A nueve meses de las elecciones Caballero no tiene muy fácil dejar atado el proyecto, pero sus declaraciones de ayer dan a entender que quiere intentarlo. El alcalde vigués confirmó que se está redactando un pliego de condiciones para adjudicar el proyecto a una empresa que quiera materializarlo. Para ello hace falta que cuadren las cuentas, esto es, que la explotación del centro comercial y del aparcamiento incluidos en el proyecto Moneo compensen una inversión multimillonaria por encima de los 60 millones de euros.
«El proyecto tiene que llevarse a cabo sin que cueste dinero a los vigueses. Por tanto, no se incluirá partida alguna para este proyecto en los presupuestos de 2011», aseguró ayer para enmendar la plana a su número dos, Carlos Font, quien había afirmado que en las cuentas municipales habría una partida con esta finalidad.

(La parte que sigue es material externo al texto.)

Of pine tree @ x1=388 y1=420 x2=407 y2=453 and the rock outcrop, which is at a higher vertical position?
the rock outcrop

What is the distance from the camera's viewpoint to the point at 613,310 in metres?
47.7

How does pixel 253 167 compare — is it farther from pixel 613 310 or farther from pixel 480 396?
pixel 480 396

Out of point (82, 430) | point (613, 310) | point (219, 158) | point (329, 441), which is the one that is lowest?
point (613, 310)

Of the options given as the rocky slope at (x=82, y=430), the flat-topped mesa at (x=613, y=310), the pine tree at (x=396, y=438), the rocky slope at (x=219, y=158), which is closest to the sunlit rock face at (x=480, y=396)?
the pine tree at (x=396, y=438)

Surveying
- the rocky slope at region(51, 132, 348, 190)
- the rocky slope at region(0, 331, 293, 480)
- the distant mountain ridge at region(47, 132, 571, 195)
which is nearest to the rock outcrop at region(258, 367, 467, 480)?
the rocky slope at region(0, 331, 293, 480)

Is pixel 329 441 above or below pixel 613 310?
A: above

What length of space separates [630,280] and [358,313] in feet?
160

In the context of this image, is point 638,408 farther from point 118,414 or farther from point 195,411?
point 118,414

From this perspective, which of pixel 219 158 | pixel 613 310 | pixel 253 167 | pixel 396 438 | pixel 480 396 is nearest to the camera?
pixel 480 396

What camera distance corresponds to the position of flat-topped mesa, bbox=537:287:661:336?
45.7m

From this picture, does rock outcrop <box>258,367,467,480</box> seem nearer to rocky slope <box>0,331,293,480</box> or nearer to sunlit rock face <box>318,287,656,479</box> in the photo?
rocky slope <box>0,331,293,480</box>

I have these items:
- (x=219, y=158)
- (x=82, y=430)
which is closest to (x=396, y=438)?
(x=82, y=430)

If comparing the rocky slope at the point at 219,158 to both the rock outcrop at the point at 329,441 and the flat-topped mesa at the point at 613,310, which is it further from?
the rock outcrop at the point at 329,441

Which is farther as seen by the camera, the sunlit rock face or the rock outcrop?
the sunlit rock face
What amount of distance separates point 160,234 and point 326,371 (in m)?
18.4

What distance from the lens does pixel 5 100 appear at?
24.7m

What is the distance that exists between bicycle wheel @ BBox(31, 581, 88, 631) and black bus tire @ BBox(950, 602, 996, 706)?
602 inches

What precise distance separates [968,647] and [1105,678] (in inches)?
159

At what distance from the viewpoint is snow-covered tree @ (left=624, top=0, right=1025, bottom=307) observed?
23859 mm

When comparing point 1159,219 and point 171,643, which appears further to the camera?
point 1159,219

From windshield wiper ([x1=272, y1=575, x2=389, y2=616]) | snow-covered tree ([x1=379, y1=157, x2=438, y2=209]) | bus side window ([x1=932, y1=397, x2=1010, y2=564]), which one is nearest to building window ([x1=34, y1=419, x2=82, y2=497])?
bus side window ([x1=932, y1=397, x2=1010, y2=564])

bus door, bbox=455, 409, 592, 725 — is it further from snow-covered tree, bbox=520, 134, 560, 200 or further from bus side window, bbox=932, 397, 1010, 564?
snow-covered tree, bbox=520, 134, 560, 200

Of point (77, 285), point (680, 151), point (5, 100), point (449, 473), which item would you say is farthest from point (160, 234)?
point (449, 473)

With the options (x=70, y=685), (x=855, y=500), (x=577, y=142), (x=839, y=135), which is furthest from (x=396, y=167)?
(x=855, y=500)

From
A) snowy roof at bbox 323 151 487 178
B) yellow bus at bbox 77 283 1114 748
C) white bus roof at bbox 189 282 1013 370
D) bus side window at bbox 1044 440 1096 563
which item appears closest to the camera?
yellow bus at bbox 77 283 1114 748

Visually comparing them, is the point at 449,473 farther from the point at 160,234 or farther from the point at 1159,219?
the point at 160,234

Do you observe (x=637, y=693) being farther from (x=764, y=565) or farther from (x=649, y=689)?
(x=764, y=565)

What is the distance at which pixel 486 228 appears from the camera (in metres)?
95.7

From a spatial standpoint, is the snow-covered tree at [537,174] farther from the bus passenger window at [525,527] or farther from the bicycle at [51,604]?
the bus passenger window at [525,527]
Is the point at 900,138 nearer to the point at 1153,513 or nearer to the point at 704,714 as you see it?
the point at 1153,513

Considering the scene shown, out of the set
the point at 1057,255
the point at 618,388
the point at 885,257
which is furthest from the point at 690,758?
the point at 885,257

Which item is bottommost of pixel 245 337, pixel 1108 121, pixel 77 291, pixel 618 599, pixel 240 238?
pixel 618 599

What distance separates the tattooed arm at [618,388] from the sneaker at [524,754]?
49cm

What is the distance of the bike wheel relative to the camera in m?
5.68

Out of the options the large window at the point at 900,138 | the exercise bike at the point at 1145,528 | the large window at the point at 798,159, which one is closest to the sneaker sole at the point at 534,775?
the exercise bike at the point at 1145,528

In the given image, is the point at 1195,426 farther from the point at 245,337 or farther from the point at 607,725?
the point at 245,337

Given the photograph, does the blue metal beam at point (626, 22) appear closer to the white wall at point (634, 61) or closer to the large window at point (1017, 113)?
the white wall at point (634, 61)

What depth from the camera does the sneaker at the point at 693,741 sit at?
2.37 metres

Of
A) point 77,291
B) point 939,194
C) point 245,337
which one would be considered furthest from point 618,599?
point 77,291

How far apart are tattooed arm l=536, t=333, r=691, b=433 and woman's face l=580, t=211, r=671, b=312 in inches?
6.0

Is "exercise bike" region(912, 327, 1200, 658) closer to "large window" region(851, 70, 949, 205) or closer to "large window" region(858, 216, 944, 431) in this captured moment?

Las otras dos condiciones que Caballero se ha autoimpuesto son meras consecuencias del plan elaborado por Moneo, que incluye la recuperación en la medida de lo posible del castillo de San Sebastián y que el proyecto de la nueva sede municipal «sea funcional y solvente».De lo que no ha dicho ni media palabra es del operativo para que la administración municipal siga funcionando en el lapso de tiempo, que no sería breve, entre el derribo del Concello y la construcción del nuevo edificio. Caballero es consciente de que si llega a plantearse será después de las elecciones de mayo del 2011, cuando los vigueses elegirána una nueva corporación.
Ocurrencia
Pero estos argumentos no convencen a la oposición. «¿A quién se le puede ocurrir tirar el Concello en este momento?», se preguntaba ayer Figueroa en tono de escándalo. «Afortunada o desafortunadamente está construído, por lo que es un insulto a la ciudadanía plantear su derribo ya que no es una prioridad. Es un proyecto fantasioso similar al plan Nouvel que impulsó Caballero cuando estaba en el Puerto y cuya redacción costó 2,4 millones», concluyó.